Captioned web images:
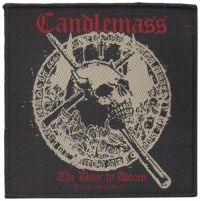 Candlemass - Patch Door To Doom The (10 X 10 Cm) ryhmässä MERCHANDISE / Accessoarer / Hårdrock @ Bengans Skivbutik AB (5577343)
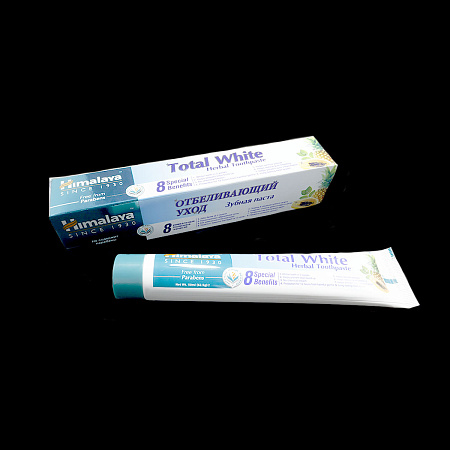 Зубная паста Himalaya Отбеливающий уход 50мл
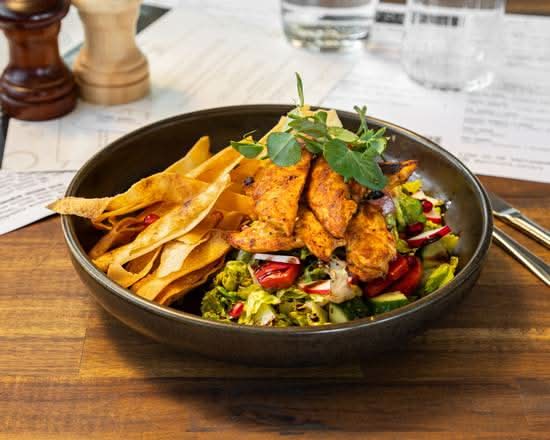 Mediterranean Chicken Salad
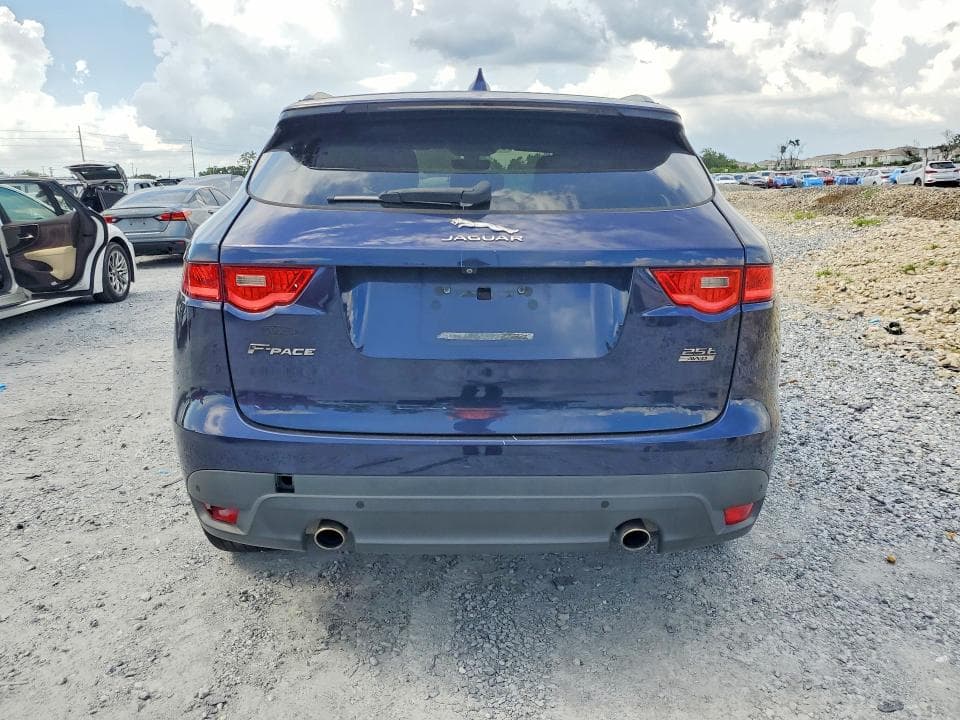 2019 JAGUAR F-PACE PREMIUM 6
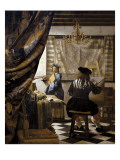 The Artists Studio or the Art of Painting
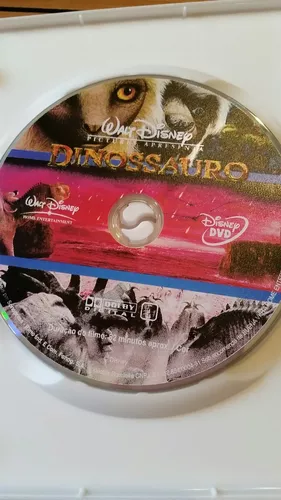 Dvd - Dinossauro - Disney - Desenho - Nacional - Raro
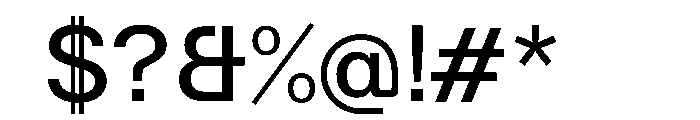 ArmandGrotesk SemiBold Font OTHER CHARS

### [TASK TO COMPLETE]
Repeat nothing but the lines from the one containing "2019 JAGUAR F-PACE PREMIUM 6" through the end of the entries, exactly, and skip the pictures.

### [SOLUTION TO THIS TASK]
 2019 JAGUAR F-PACE PREMIUM 6
 The Artists Studio or the Art of Painting
 Dvd - Dinossauro - Disney - Desenho - Nacional - Raro
 ArmandGrotesk SemiBold Font OTHER CHARS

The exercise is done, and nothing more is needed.